The alleged plot was thwarted when officials found the bag and pencil boxes full of knives and razor blades.

``Nowadays you have to take every threat seriously,'' said North Lauderdale police spokesman Roy Liddichott. ``They certainly had the means by which to carry out their threat. Would they have? Luckily we never found out.''

The arrests come the same week that three Indiana first-graders were suspended for allegedly plotting to kill a classmate. Investigators said they even drew a crude map of where the slaying was to take place.

Jack Levin, director of the Brudnick Center on Violence at Northeastern University in Massachusetts, said Friday that media attention to school shootings and other violent acts has increasingly led to copycat plots.

``Many children have a rich fantasy life which includes violence — the difference is now they are drawing their fantasies from national news reports,'' he said. ``They've gone from playing cops and robbers to scenes from Columbine High.''

On Monday, police in North Lauderdale arrested the girls, ages 12 and 13, on suspicion of conspiracy to commit murder.
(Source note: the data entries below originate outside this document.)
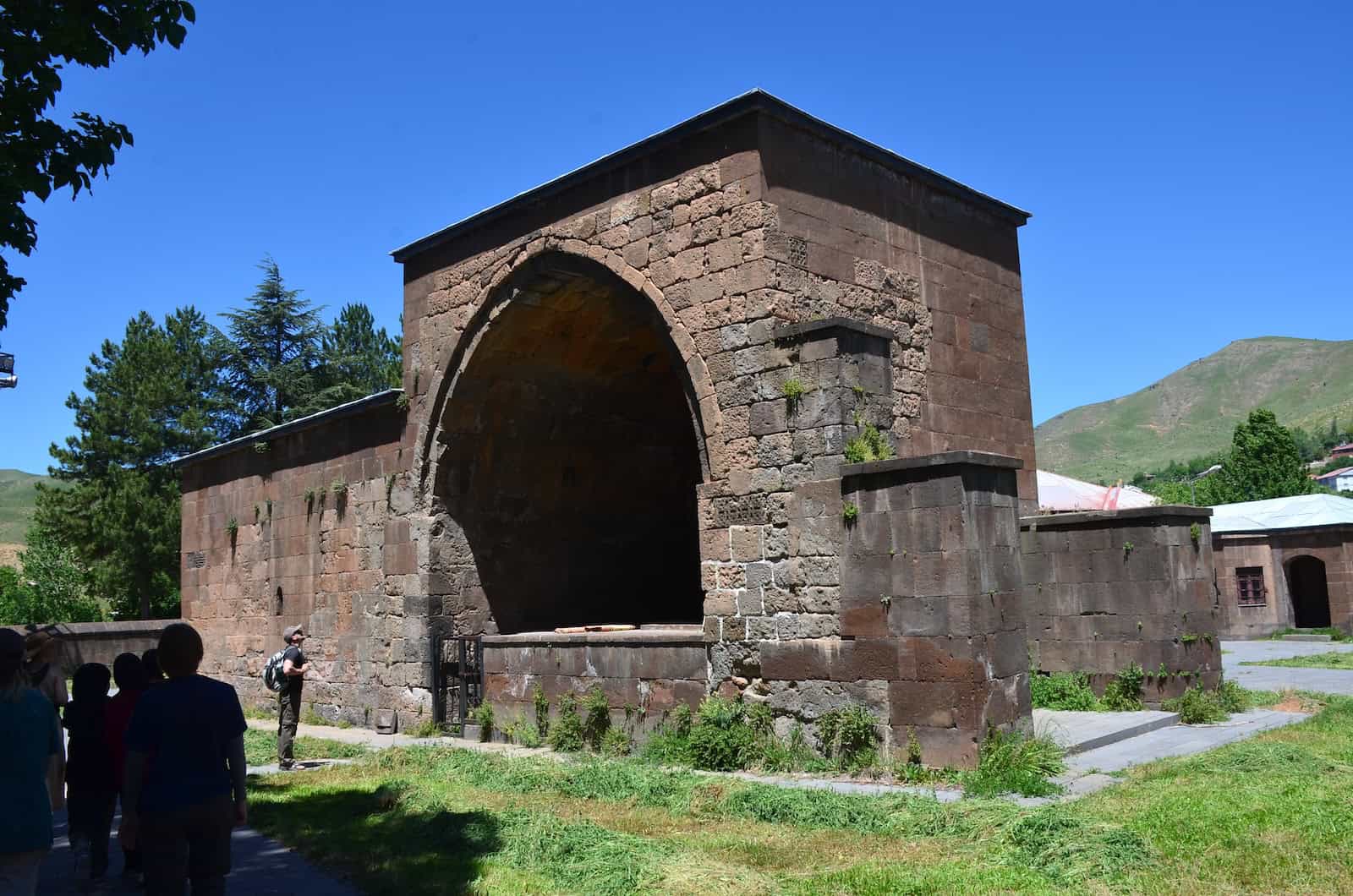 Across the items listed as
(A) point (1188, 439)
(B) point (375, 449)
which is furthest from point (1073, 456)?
(B) point (375, 449)

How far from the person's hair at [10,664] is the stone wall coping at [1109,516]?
31.1 ft

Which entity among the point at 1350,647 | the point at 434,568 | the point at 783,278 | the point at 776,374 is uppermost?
the point at 783,278

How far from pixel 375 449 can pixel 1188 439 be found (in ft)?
491

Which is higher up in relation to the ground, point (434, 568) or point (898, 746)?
point (434, 568)

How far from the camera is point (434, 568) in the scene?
517 inches

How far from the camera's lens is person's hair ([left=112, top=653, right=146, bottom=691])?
6.16 metres

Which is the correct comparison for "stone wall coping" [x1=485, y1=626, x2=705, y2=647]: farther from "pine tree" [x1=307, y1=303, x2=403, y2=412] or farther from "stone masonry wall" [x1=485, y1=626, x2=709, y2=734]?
"pine tree" [x1=307, y1=303, x2=403, y2=412]

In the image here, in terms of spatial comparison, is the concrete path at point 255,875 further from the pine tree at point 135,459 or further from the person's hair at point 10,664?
the pine tree at point 135,459

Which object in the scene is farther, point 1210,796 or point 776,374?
point 776,374

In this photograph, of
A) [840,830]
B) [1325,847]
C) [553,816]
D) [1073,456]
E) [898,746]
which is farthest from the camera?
[1073,456]

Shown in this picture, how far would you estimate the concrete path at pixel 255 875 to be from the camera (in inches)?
240

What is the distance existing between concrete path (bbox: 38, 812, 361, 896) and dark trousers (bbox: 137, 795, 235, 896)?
1713mm

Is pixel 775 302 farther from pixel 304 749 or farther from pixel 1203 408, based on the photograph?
pixel 1203 408

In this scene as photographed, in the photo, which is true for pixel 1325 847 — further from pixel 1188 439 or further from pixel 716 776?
pixel 1188 439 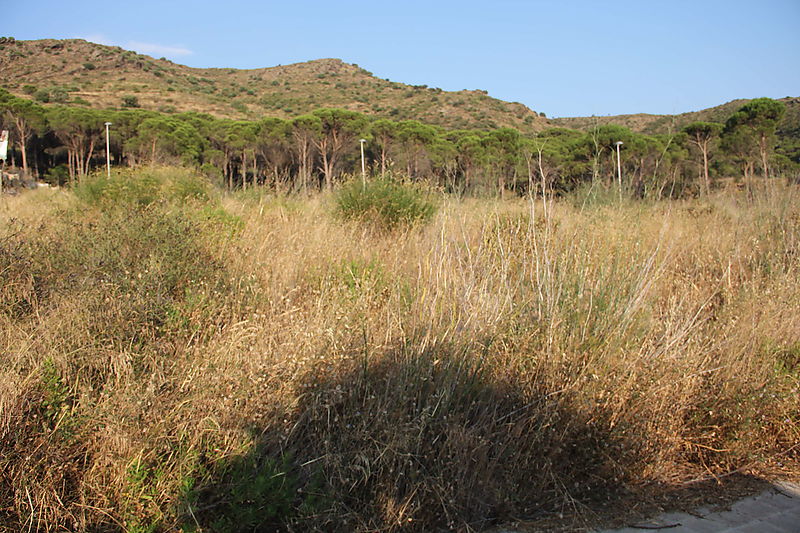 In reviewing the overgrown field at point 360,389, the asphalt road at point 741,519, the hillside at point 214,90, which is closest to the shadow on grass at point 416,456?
the overgrown field at point 360,389

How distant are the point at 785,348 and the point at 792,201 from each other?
3449 millimetres

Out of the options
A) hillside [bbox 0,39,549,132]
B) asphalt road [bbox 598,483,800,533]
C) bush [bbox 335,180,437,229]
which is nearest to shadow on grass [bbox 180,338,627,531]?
asphalt road [bbox 598,483,800,533]

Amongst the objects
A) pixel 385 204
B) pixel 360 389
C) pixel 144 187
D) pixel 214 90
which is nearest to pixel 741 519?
pixel 360 389

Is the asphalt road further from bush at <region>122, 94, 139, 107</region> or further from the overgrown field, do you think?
bush at <region>122, 94, 139, 107</region>

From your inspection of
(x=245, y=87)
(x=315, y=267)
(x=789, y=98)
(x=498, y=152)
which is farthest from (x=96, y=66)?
(x=315, y=267)

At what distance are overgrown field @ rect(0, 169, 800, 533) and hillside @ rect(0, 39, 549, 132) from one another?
38987mm

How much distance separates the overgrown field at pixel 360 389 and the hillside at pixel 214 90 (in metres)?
39.0

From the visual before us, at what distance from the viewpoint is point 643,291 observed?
3.35 meters

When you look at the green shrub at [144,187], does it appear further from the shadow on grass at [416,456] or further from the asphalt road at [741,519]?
the asphalt road at [741,519]

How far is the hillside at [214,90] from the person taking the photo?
44.2 meters

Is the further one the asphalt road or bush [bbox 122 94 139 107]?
bush [bbox 122 94 139 107]

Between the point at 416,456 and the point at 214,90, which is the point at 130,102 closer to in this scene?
the point at 214,90

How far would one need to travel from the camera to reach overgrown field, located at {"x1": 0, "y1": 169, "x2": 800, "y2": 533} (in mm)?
2402

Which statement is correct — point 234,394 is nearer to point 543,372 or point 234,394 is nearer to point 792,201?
point 543,372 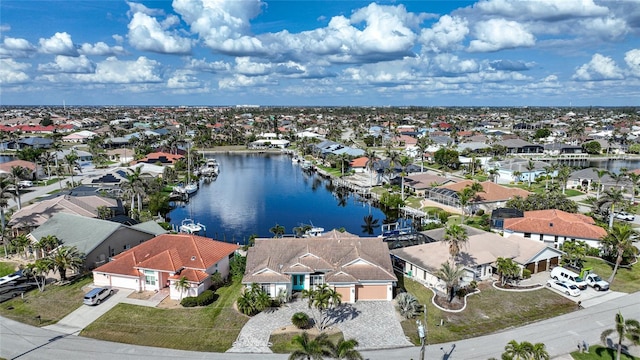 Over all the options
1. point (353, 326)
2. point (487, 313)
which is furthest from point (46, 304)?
point (487, 313)

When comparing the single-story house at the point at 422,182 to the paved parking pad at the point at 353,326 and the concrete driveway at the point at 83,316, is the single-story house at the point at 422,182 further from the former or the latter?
the concrete driveway at the point at 83,316

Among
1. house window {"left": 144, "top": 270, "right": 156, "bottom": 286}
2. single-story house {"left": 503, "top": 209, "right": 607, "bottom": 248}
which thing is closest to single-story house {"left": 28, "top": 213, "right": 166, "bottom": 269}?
house window {"left": 144, "top": 270, "right": 156, "bottom": 286}

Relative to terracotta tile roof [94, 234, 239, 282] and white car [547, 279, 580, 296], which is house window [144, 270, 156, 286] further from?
white car [547, 279, 580, 296]

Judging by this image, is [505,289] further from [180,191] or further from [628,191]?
[180,191]

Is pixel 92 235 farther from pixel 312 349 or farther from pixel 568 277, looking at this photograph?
pixel 568 277

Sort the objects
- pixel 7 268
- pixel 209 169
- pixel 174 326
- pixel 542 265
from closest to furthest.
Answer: pixel 174 326
pixel 542 265
pixel 7 268
pixel 209 169

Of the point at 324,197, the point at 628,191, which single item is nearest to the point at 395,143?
the point at 324,197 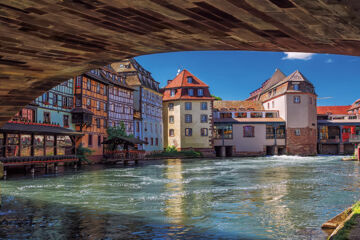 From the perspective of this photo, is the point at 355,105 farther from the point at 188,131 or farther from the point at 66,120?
the point at 66,120

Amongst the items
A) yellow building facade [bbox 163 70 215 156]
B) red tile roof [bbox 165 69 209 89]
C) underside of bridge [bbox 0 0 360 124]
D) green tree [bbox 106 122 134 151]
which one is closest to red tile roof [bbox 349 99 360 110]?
yellow building facade [bbox 163 70 215 156]

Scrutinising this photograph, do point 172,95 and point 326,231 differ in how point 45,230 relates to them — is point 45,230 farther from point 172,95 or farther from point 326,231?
point 172,95

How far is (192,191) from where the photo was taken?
1662 centimetres

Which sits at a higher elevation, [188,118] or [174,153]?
[188,118]

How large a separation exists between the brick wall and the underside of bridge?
61.1 metres

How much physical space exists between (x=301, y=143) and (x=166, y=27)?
62.5m

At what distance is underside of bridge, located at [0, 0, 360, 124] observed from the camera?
2637 millimetres

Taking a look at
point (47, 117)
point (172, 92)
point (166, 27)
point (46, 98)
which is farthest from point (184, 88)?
point (166, 27)

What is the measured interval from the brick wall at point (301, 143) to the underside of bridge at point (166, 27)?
61.1 m

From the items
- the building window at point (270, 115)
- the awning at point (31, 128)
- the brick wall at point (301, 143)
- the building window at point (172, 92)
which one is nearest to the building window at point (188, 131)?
the building window at point (172, 92)

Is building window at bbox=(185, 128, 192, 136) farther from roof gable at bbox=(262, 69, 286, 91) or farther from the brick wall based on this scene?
roof gable at bbox=(262, 69, 286, 91)

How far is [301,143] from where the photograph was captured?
62.6 meters

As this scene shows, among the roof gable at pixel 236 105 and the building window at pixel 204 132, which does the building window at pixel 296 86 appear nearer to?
the roof gable at pixel 236 105

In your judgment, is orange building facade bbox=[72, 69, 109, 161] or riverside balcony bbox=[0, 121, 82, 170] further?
orange building facade bbox=[72, 69, 109, 161] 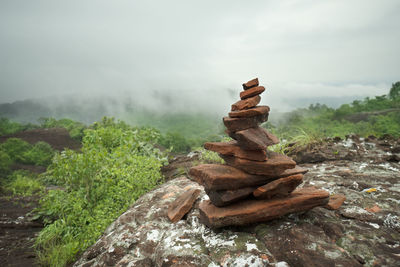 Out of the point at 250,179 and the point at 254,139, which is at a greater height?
the point at 254,139

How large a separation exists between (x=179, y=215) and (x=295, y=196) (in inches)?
85.0

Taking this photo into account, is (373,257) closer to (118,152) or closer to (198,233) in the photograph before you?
(198,233)

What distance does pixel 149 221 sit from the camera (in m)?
4.62

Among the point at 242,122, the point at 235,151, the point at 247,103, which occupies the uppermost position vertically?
the point at 247,103

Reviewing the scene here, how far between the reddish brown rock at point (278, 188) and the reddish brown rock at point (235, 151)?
1.39ft

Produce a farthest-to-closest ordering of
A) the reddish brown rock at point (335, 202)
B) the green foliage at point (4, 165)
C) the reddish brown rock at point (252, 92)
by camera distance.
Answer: the green foliage at point (4, 165)
the reddish brown rock at point (335, 202)
the reddish brown rock at point (252, 92)

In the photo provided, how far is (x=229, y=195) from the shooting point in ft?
11.7

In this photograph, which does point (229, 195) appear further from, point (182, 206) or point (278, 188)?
point (182, 206)

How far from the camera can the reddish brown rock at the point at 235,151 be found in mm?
3637

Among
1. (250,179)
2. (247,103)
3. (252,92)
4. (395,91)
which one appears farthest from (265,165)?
(395,91)

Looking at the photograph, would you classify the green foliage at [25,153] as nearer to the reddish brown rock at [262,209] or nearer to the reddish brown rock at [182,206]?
the reddish brown rock at [182,206]

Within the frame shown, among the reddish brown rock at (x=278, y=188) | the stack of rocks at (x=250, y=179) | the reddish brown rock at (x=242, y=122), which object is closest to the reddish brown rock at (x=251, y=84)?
the stack of rocks at (x=250, y=179)

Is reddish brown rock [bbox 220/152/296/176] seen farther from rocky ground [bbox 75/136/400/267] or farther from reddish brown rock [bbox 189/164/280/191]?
rocky ground [bbox 75/136/400/267]

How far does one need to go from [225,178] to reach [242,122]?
948mm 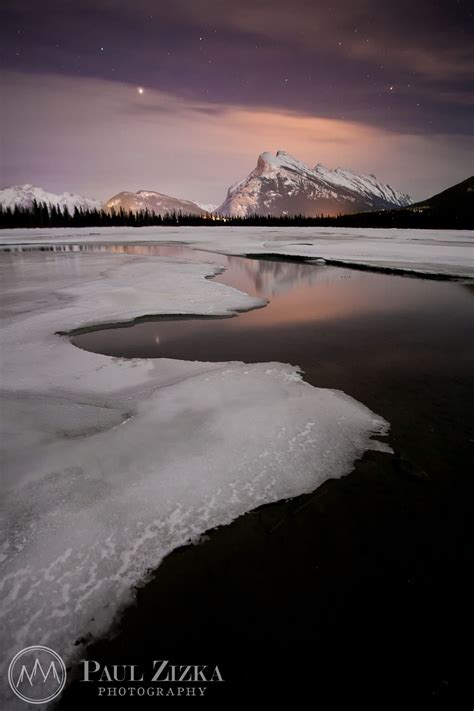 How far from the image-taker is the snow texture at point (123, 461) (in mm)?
2350

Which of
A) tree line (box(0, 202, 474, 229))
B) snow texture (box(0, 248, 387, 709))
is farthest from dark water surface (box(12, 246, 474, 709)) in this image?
tree line (box(0, 202, 474, 229))

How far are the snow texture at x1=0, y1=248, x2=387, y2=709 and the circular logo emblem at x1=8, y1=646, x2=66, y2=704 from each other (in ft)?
0.14

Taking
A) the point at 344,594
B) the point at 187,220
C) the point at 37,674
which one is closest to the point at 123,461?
the point at 37,674

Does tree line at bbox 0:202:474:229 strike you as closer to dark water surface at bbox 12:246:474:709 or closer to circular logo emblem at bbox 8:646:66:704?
dark water surface at bbox 12:246:474:709

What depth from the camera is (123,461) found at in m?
3.38

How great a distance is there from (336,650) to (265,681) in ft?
1.39

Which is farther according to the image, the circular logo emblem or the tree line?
the tree line

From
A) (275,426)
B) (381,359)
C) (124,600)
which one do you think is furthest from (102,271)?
(124,600)

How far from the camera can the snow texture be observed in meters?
2.35

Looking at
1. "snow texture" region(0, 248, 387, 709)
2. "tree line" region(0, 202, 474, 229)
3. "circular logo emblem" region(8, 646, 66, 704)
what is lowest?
"circular logo emblem" region(8, 646, 66, 704)

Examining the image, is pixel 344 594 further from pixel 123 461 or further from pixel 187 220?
pixel 187 220

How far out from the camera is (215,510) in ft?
9.68

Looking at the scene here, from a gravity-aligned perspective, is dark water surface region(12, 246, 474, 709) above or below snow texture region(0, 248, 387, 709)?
below

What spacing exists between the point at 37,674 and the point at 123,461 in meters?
1.59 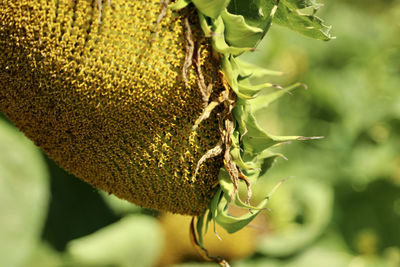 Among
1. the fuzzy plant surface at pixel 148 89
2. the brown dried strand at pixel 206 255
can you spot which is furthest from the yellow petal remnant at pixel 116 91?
the brown dried strand at pixel 206 255

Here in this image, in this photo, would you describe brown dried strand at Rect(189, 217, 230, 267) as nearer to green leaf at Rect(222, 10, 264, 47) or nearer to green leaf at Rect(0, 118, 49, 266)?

The girls had planned to silence their victims by shoving batteries down their throats, police said.

School officials initially didn't think the threat was serious but later found the batteries and razor blades, police said.

In the Indiana case, the three girls had planned to shoot a 7-year-old classmate at their school, but also discussed killing her with a butcher knife or hanging her, police said. The three students were suspended Wednesday, a day after a parent alerted school officials of the plan.

In Chimacum, Wash., two middle-school students face charges for an alleged plot in March to shoot their classmates, teachers and administrators. Court papers described them as unhappy with how they were treated by other students and staff.

A 17-year-old boy in West Palm Beach pleaded guilty in March to asking classmates to help him carry out a Columbine-style attack on his high school. Derik Lehman was sentenced to five years' probation.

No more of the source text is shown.